AlertManager Integration with Prometheus

One day I got a call from one of my friend and he said to me that he is facing difficulties while setting up AlertManager with Prometheus. Then, I observed that most of the people face such issues while establishing a connection between AlertManager and receiver such as E-mail, Slack etc.

From there, I got motivation for writing this blog so AlertManager setup with Prometheus will be a piece of cake for everyone.

If you are new to AlertManager I would suggest you go through with our Prometheus blog.

What Actually AlertManager Is?

AlertManager is used to handle alerts for client applications (like Prometheus). It also takes care of alerts deduplicating, grouping and then routes them to different receivers such as E-mail, Slack, Pager Duty.

In this blog, we will only discuss on Slack and E-mail receivers.

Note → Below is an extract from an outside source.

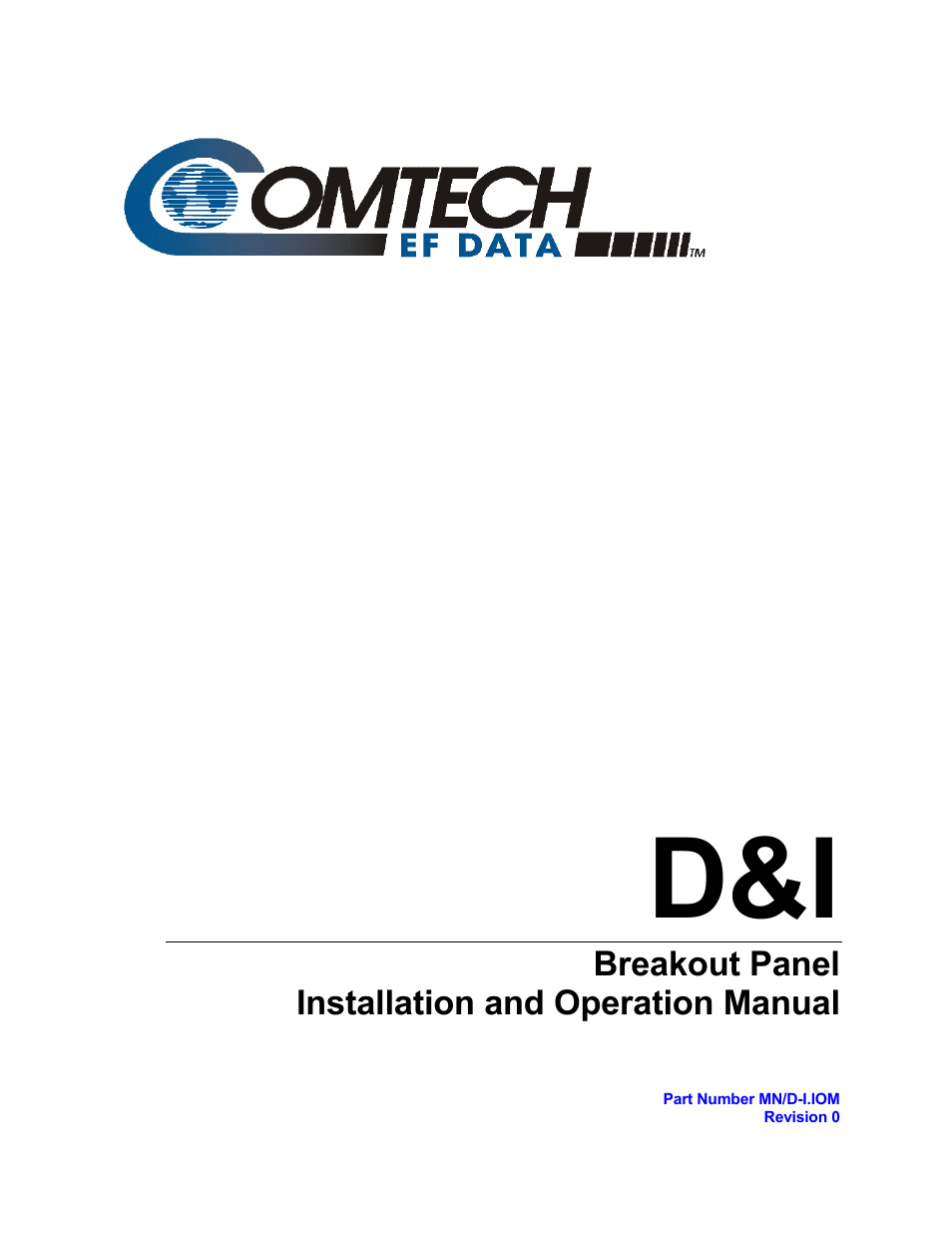 Comtech EF Data D&I User Manual | 24 pages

AlertManager can be configured via command-line flags and configuration file. While command line flags configure system parameters for AlertManager,  the configuration file defines inhibition rules, notification routing, and notification receivers.

Architecture

Here is a basic architecture of AlertManager with Prometheus.

This is how Prometheus architecture works:-

  • If you see in the above picture Prometheus is scraping the metrics from its client application(exporters).
  • When the alert is generated then it pushes it to the AlertManager, later AlertManager validates the alerts groups on the basis of labels.
  • and then forward it to the receivers like Email or Slack.

If you want to use a single AlertManager for multiple Prometheus server you can also do that. Then architecture will look like this:-

Installation

Installation part of AlertManager is not a fancy thing, we just simply need to download the latest binary of AlertManager from here.

$ cd /opt/
$ wget https://github.com/prometheus/alertmanager/releases/download/v0.11.0/alertmanager-0.11.0.linux-amd64.tar.gz

After downloading, let’s extract the files.

$ tar -xvzf alertmanager-0.11.0.linux-amd64.tar.gz

So we can start AlertManager from here as well but it is always a good practice to follow Linux directory structure.

$ mv alertmanager-0.11.0.linux-amd64/alertmanager /usr/local/bin/

 Configuration

Once the tar file is extracted and binary file is placed at the right location then the configuration part will come. Although AlertManager extracted directory contains the configuration file as well but it is not of our use. So we will create our own configuration. Let’s start by creating a directory for configuration.

$ mkdir /etc/alertmanager/

Then the configuration file will take place.

$ vim /etc/alertmanager/alertmanager.yml

The configuration file for Slack will look like this:-

global:


# The directory from which notification templates are read.
templates:
- '/etc/alertmanager/template/*.tmpl'

# The root route on which each incoming alert enters.
route:
  # The labels by which incoming alerts are grouped together. For example,
  # multiple alerts coming in for cluster=A and alertname=LatencyHigh would
  # be batched into a single group.
  group_by: ['alertname', 'cluster', 'service']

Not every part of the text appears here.